Source material:
+++
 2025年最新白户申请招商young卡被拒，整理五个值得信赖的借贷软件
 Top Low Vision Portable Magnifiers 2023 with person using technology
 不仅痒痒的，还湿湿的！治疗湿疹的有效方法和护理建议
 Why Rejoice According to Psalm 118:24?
+++
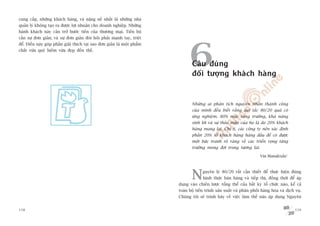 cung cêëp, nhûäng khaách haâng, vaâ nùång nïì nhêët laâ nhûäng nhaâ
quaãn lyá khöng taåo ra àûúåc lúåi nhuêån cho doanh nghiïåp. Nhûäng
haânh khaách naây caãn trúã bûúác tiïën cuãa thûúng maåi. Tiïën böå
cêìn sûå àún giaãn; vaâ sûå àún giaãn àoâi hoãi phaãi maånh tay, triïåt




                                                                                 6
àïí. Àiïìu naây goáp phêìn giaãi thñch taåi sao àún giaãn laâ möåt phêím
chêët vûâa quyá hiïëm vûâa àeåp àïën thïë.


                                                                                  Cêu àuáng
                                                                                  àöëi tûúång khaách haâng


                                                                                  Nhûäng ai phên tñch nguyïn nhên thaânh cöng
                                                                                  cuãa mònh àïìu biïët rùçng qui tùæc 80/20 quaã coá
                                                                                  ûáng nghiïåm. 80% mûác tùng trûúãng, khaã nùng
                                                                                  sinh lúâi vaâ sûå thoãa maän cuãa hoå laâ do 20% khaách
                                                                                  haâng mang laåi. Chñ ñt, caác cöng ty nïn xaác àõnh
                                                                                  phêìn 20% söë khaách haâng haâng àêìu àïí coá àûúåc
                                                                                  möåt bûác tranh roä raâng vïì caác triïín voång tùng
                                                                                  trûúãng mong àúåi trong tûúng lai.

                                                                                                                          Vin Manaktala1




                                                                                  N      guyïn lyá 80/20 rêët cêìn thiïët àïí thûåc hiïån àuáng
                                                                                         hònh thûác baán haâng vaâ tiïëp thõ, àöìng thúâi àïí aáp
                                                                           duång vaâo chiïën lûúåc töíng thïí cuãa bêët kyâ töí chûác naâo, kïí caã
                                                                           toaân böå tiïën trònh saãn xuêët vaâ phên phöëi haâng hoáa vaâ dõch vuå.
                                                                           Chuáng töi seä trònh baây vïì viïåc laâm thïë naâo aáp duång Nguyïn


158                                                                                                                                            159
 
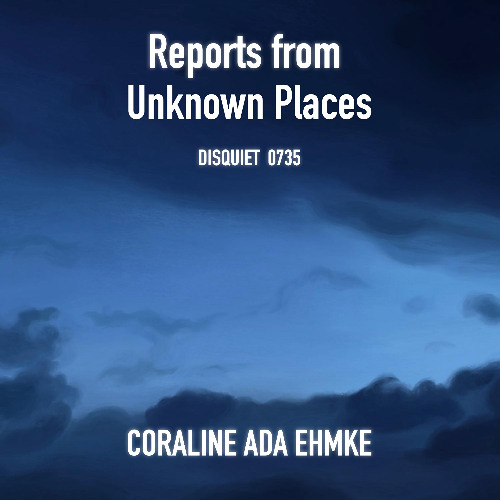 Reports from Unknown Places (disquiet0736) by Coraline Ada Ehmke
+++
Requirement: Transcribe, word for word, the lines of the listing above from the one that contains "hònh thûác baán" through the one that contains "Reports from Unknown", keeping both ends and dropping the pictures.

Reply:
                                                                                         hònh thûác baán haâng vaâ tiïëp thõ, àöìng thúâi àïí aáp
                                                                           duång vaâo chiïën lûúåc töíng thïí cuãa bêët kyâ töí chûác naâo, kïí caã
                                                                           toaân böå tiïën trònh saãn xuêët vaâ phên phöëi haâng hoáa vaâ dõch vuå.
                                                                           Chuáng töi seä trònh baây vïì viïåc laâm thïë naâo aáp duång Nguyïn


158                                                                                                                                            159
 
 Reports from Unknown Places (disquiet0736) by Coraline Ada Ehmke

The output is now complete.